Suppose you’ve spent shiploads of money outfitting your personal Bodleian library with reference books, magazines, fantasy books, comic books, and DVDs from across genres. And you’re still scratching for inspiration. Here are a few easy ways to get writing prompts: install Writing Prompts application on your Iphone. Open it, shake-shake-shake, voila! Or, get a deck of Doreen Virtue’s angel tarot cards. Nothing like archangel intervention to get you un-stuck. Shuffle, pull using the hand of fate, voila. Character, scene, and interpretation of action plan all in one card. Combine with other cards, you have some dialogue or another action scene. Sign up for Susan Miller‘s daily tarot readings. Apparently different combinations of the stars and their positions vis a vis other stars can trigger life-changing events! The way these readings are written can be so dramatic, I always wonder why I can’t raise the emotional stakes for my own characters and get them to progress as fast as all the signs in the zodiac.  😉

At some point you’ll have full-fledged plots in your head (or your Snowflake template in Storymill) and you’ll be ready for storyboarding. As I point out in an earlier post, I think perceiving your novel as a screenplay and storyboarding key scenes while in the plot development process is much more efficient than writing the whole manuscript out and then going back to edit. Storyboards allow you to put on the hat of an artistic director and think of the mis-en-scenes visually, put key hook lines or dialogues into thought bubbles, and quickly visualize each scene as dramatically/stylized as possible.
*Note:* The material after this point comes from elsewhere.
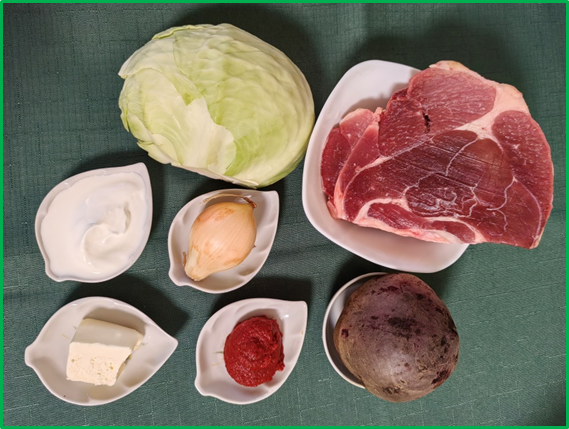 Основные ингредиенты борща из вымоченной свеклы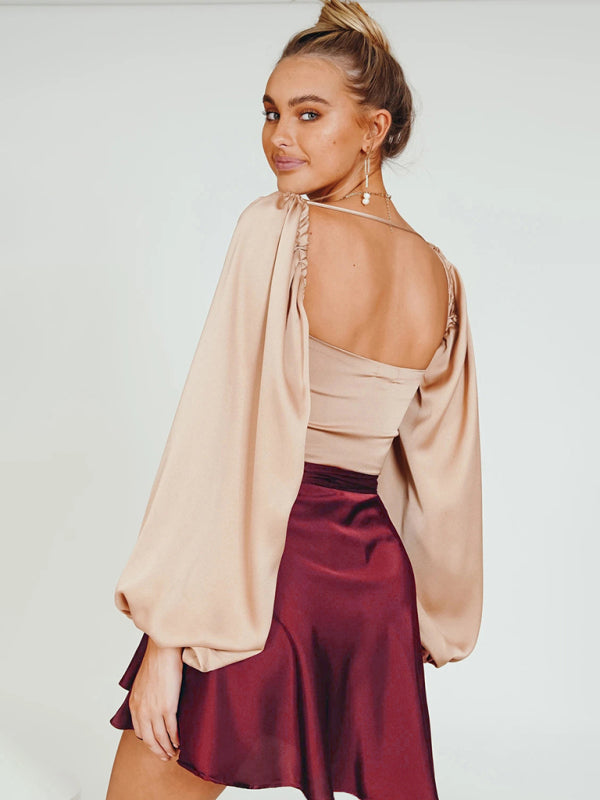 Satin Wrap Mini Skirt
You’ll need two things to storyboard, if you want to do it for free. One, GIMP software installation, in order to draw characters, copy paste background images for your scenes from google images, and toggle/play with everything. Two, Celtx, the most recognized storyboarding freeware used by professors and university students. Upload your images created in GIMP to your Celtx clipboard. Storyboard away, referring back to scenes you may have created in Storymill! If you can’t master GIMP, I highly recommend getting tangible storyboard stationery and pencils sold by supply stores.